Daniel Márquez Soares
Todos hablan con hastío y desprecio del Consejo de Participación Ciudadana y Control Social. Igual vilipendio sufren todos aquellos jueces de lugares remotos que conceden acciones de protección. Sin embargo, curiosamente, cuando se habla de la Corte Constitucional, políticos y activistas no tienen sino elogios. Resulta incomprensible esa aversión a tantas instituciones creadas por la abominable Constitución de Montecristi y, al mismo tiempo, una esbirresca fascinación por su más feroz guardián: la Corte Constitucional.
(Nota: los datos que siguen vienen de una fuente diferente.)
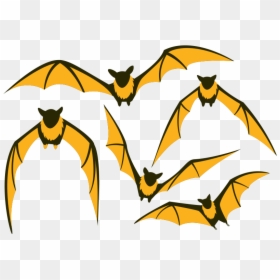 Clipart Bat Yellow Eye - Animated Flying Bat Png, Transparent Png - derp eyes png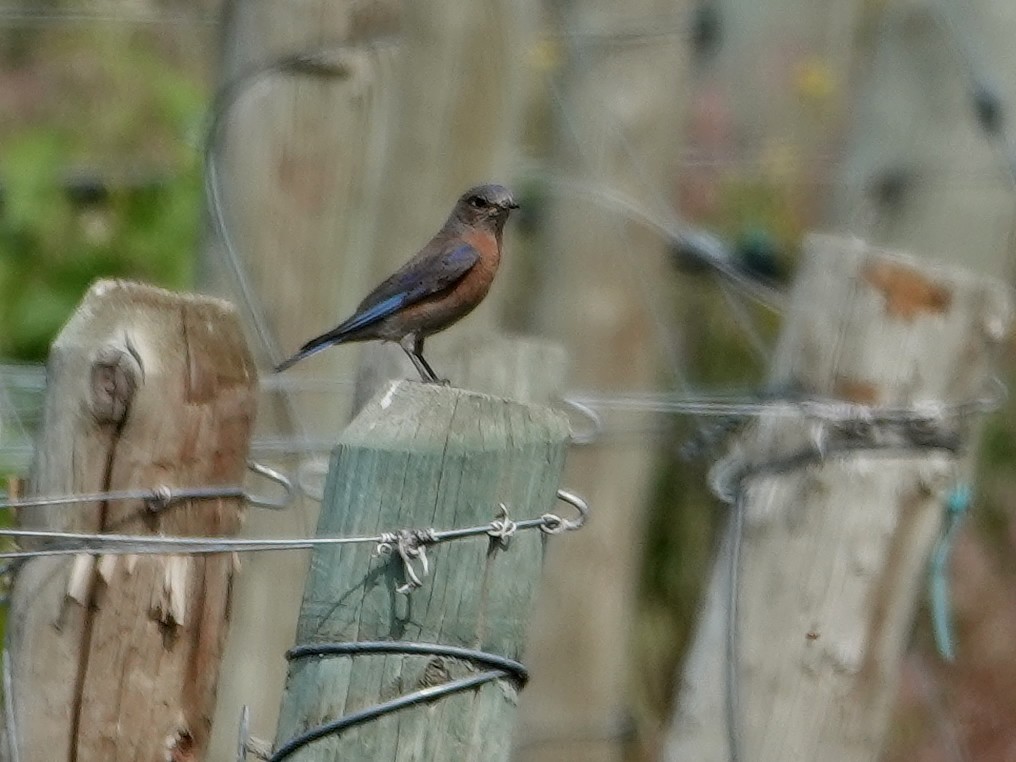 Western Bluebird - ML636865003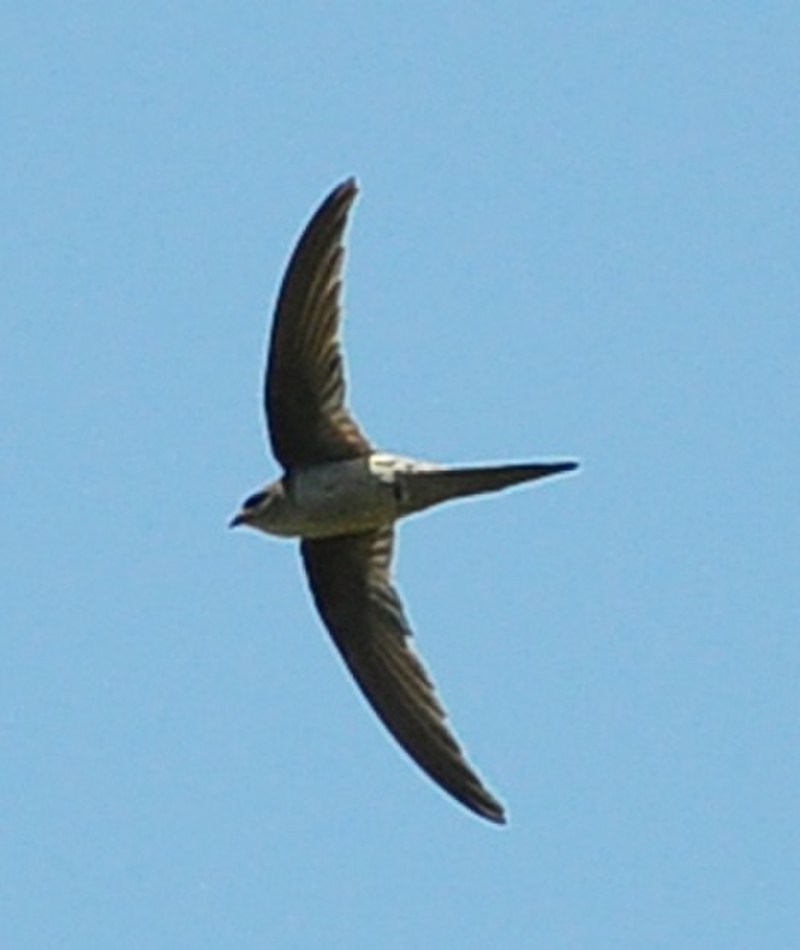 Cypsiurus balasiensis — азиатский пальмовый Стриж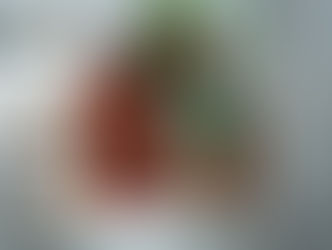 Casa do Ceramista é patrocinadora do Salão Nacional de Arte Cerâmica de Campo Largo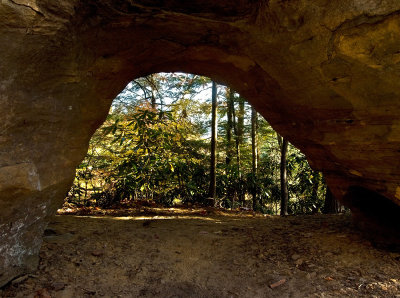 Zoo Arch #1, other side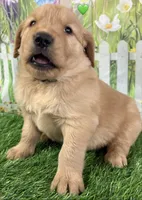 Green, a male Golden Retriever for sale in Tahlequah, OK – Photo 8 of 10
El orden constituido de un país no nace de un consenso ni de una negociación, sino de una conquista, de la imposición. Un bando gana, establece su sistema y sus reglas, crea una Constitución que los legitime y luego requiere instituciones que orquesten el aparataje de exclusión e imposición que todo sistema exige. En algunos lugares ese trabajo recae sobre entes obscena y abiertamente arbitrarios —como la KGB soviética o el Comité para la Promoción de la Virtud y la Prevención del Vicio que en su momento tuvieron los saudíes—; en otros, como las democracias occidentales, se confía en instituciones que operan desde mucho más temprano y de forma más sistemática, disfrazadas de ‘educación’ y ‘cultura’, pero aun así se requiere esporádicamente una imposición que le recuerde al ciudadano díscolo el orden vigente. En el caso de Ecuador, con una clase política tan errática y una población tan volátil, la institución encargada de propinar el puñetazo definitivo sobre la mesa es la Corte Constitucional.
Esta institución es la encargada, a la manera de un consejo de ulemas o de los sacerdotes intérpretes de oráculos, de elucubrar alrededor de ese texto nocivo engendrado en Montecristi. Legalmente, porque ella misma así lo decidió, es infalible, no le rinde cuentas a nadie y sus decisiones no pueden ser cuestionadas —una especie de infalibilidad papal, pero convenientemente aplicada al vil reino de lo material—. Son capaces de torturar a la gramática, la lógica y la retórica hasta donde sea necesario para lograr que la Constitución diga aquello que ellos creen que debería decir. Independientemente de las afinidades personales, vale recordar que los jueces de dicha corte permitieron el matrimonio entre personas del mismo sexo y el aborto por violación pese a que la Constitución dice textualmente que “el matrimonio es la unión entre hombre y mujer” y que el Estado “garantizará la vida, incluido el cuidado y protección desde la concepción”. Les corresponde decidir qué diablos quisieron decir los constituyentes de Montecristi cuando escribieron cosas como “grave crisis política y conmoción interna” o “esta facultad podrá ser ejercida por una sola vez”, pero no preguntándoles, sino apenas amparándose en sus poderes místicos. Además, por una cuestión de conveniencia profesional, gozan de la permanente adulación e indulgencia, más típica de un culto que de un gremio, de los abogados del país. Por último, así como es la encargada de imponer su orden a los ecuatorianos, es la encargada de defender y garantizar las imposiciones que desde afuera sufre el país —por medio de asfixiantes tratados y convenios—; es decir, no contenta con ostentar su propio garrote, ejerce también garrotes franquiciados.
La Corte Constitucional merece la misma admiración, tolerancia y respeto que todo ese irresponsable proyecto —una apasionada y desenfrenada mezcla de ecologismo, indigenismo, socialismo, internacionalismo, etc.— que se impuso en 2008. No es lo mejor ni lo más ‘salvable’ de dicho sistema; al contrario, es lo más peligroso y potente, su cuerpo de élite.
En tanto es apenas producto de un orden político que ya empieza a derrumbarse por el peso de sus propias contradicciones, más temprano que tarde la Corte Constitucional caerá también. Sufrirá cuestionamientos, enfrentará divisiones internas y los tentáculos de los grupos de poder penetrarán con cada vez más descaro. Llegará el momento en que choque con un grupo que encarne un nuevo orden político emergente y entonces no tendrá más opción que apelar a la fuerza. Solo en ese momento, con un encontronazo que prive finalmente a la Corte Constitucional de esa impropia presunción de pureza y que ponga en evidencia —más allá de suposiciones y creencias— la verdadera correlación de fuerzas que reina en Ecuador, comenzará el camino hacia la consolidación de ese nuevo orden constituido que reclama urgentemente el país.
Parece que ese momento está llegando. Al menos toda esta pantomima del juicio político ha servido para algo.